Hoy Jesús nos recuerda que Él es “La Verdadera Vid”, aquella donde se injertan los sarmientos, que somos nosotros. Una Vid con profundas raíces, que irradia a través de la cepa la savia que da la vida, que no es otra que el Amor de Dios.
Hoy día, para el común de muchas personas, es más importante la apariencia, lo externo, la imagen, se mide a las personas por su exterior y se valora públicamente todo lo que tiene que ver con la fachada corporal. No están de moda las grandes profundidades.

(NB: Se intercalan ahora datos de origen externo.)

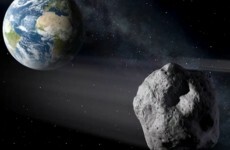 Asteroid to pass Earth at 'remarkably close distance'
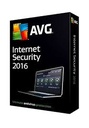 Avg Internet Security 1 User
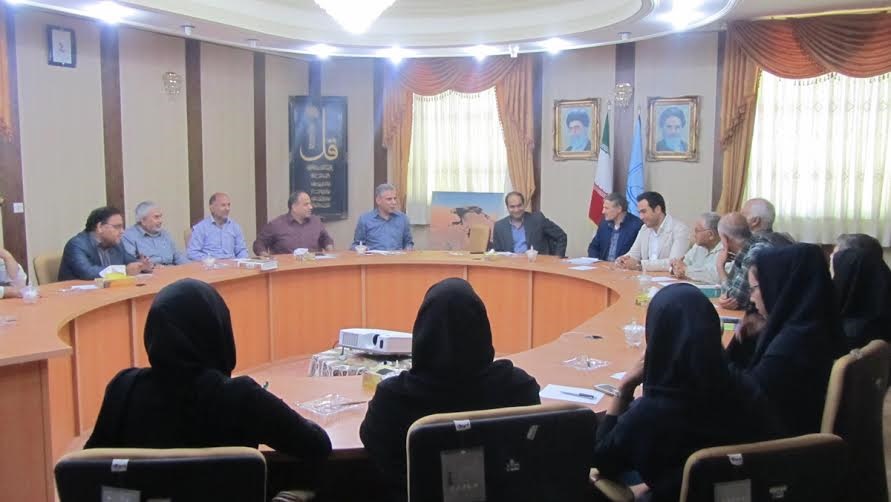 انجمن دفاتر خدمات مسافرتی استان تشکیل شود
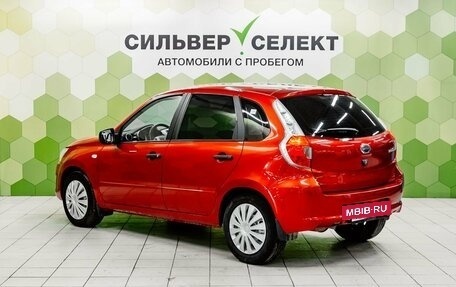Datsun mi-DO, 2017 год, 500 000 рублей, 6 фотография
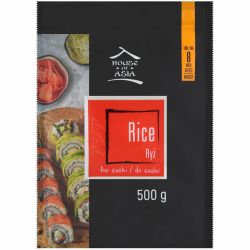 House of Asia ориз за суши (500 г)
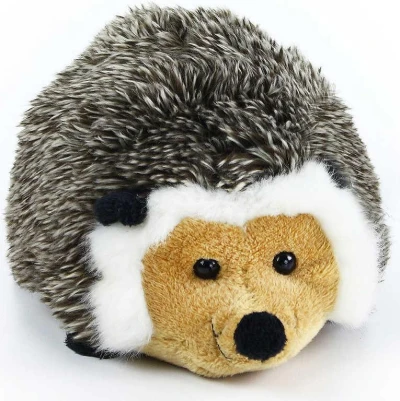 PLYŠ Ježek 17cm (plyšová hračka)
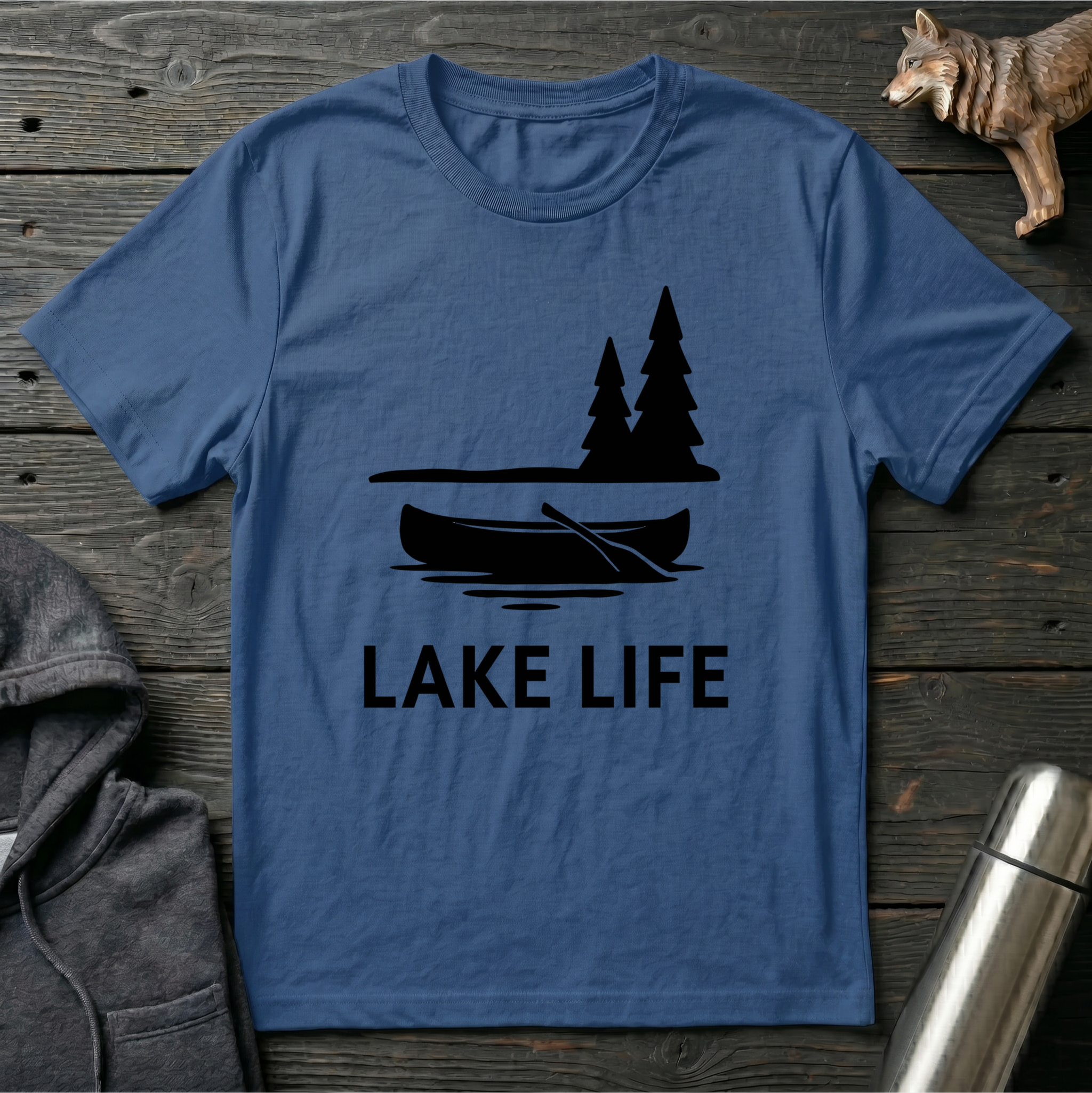 Classic Lake Life T-Shirt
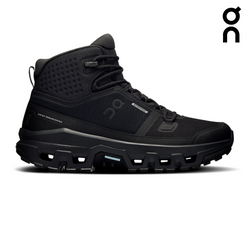 Black / Black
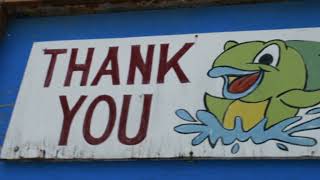MURDOCK'S FRESH FISH & SEAFOOD #VIDEOROBOT
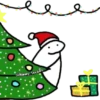 Natal com Flork 8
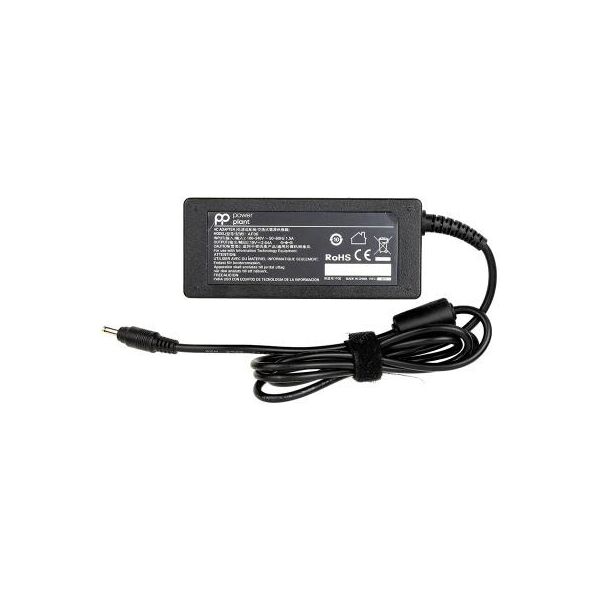 

Блок питания к ноутбуку PowerPlant ASUS 220V, 19V 50W 2.64A (4.8*1.7) (AS50F4817)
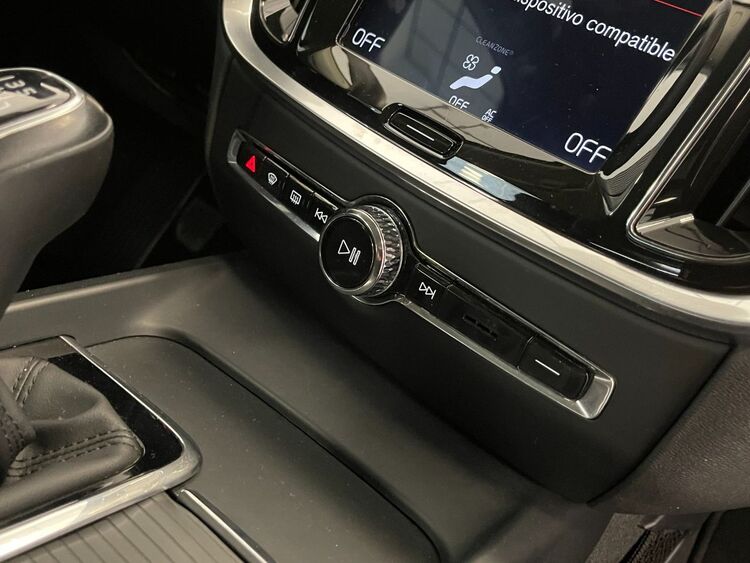 Volvo V60 BUSINESS PLUS foto 39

Estamos perdiendo la identidad cristiana, religiosa, la raíz de nuestro ser. Y ya se sabe, cuando no hay raíz, uno está sujeto a cualquier viento. Sin embargo, sabemos que sólo lo que se construye con esfuerzo, con sacrificio, que tiene hondas raíces, es lo que perdura en la vida. Sabemos que, ante las dificultades y fracasos, si no hay profundidad en la persona, se desmoronan nuestras convicciones y tendemos a caer en la amargura, la decepción, el desencanto e incluso el sinsentido de la vida.
Los cristianos también pretendemos vivir un cristianismo fácil, cómodo, que no nos exija demasiado, acomodado a los tiempos vacíos que vivimos. Y no es que todo lo que tiene el mundo moderno sea malo, para nada. Hay muchas cosas buenas, muchos avances que han mejorado la vida de las personas, muchos adelantos que han facilitado el mejor desarrollo de nuestras potencialidades. Hay más libertad, más derechos, más posibilidades para todos, aunque no siempre equitativamente repartidas en nuestro mundo. Pero es claro que, a la vez, estamos perdiendo valores esenciales, humanos, necesarios para ser felices.
Qué bueno es hoy escuchar a Cristo que nos invita a afirmar y asentar nuestras vidas sobre fuertes raíces, que no son otras que las raíces de la fe y del amor. Para nosotros Cristo el centro de nuestra fe y sin Él no podemos dar buenos frutos.
Unidos, más que nunca, a la Vid Verdadera, que es Jesús; anclados en El por medio de la oración, de la participación en la vida de la Iglesia, viviendo de la gracia maravillosa que mana de los sacramentos, especialmente de la Eucaristía y compartiendo penas y esperanzas con la comunidad, sólo podremos dar frutos abundantes, frutos que perduren, frutos según Dios. Sólo así perderemos el miedo a manifestarnos como lo que nos pide Cristo: como auténticos discípulos y misioneros; somos los sarmientos de su Cepa, con Él lo podemos todo, a su lado podemos ser verdaderos artesanos del perdón, la reconciliación y la paz.
¿Cómo el encuentro con Jesucristo me anima y me fortalece para la misión?
En la celebración de la Pascua somos incorporados bautismalmente en la persona de Jesús, muriendo y resucitando con él. La Pascua de Jesús hace posible en el mundo que la vida abundante y con calidad.
El sarmiento es trabajado dolorosamente por el viñador. Se habla de “cortar” y de “podar”. Ahora podremos comprender mejor el sentido de la poda: Dios interviene en nuestra vida con la Cruz y la Cruz es salvífica. Cuando Dios interviene en nuestra vida con la Cruz, no quiere decir que esté rabioso con nosotros, ni que nos esté castigando. Se trata de lo contrario. El viñador poda el sarmiento para que dé más fruto. Es necesario “podar”, tomar decisiones para cambiar, para moldear nuestra vida de discípulos, para que Jesús crezca en nosotros, para ir poco a poco llenándonos de Cristo.
Lo que el Padre quiere, lo que más desea de nuestra vida, lo que le da gloria es: que demos mucho fruto y que lleguemos a ser de verdad discípulos de Jesús. Dios quiere, que se desarrollen todas las potencialidades de nuestra existencia, que nuestro proyecto de vida sea exitoso, que se refleje en nuestro rostro la plena felicidad; para ello tenemos que permanecer unidos a Jesús.
La Eucaristía es el momento más intenso de esta comunión de vida de Cristo con los suyos, que ya comenzó en el bautismo. Tiene su momento más expresivo en la comunión eucarística, pero se prolonga a lo largo de la jornada en comunión de vida y de obras. La Eucaristía dominical es la celebración de la vida, de la fuerza radiante de la vida pascual, que vence todas las esterilidades, tristezas de nuestra vida y que nos fortalece para que obremos el bien y demos buenos frutos.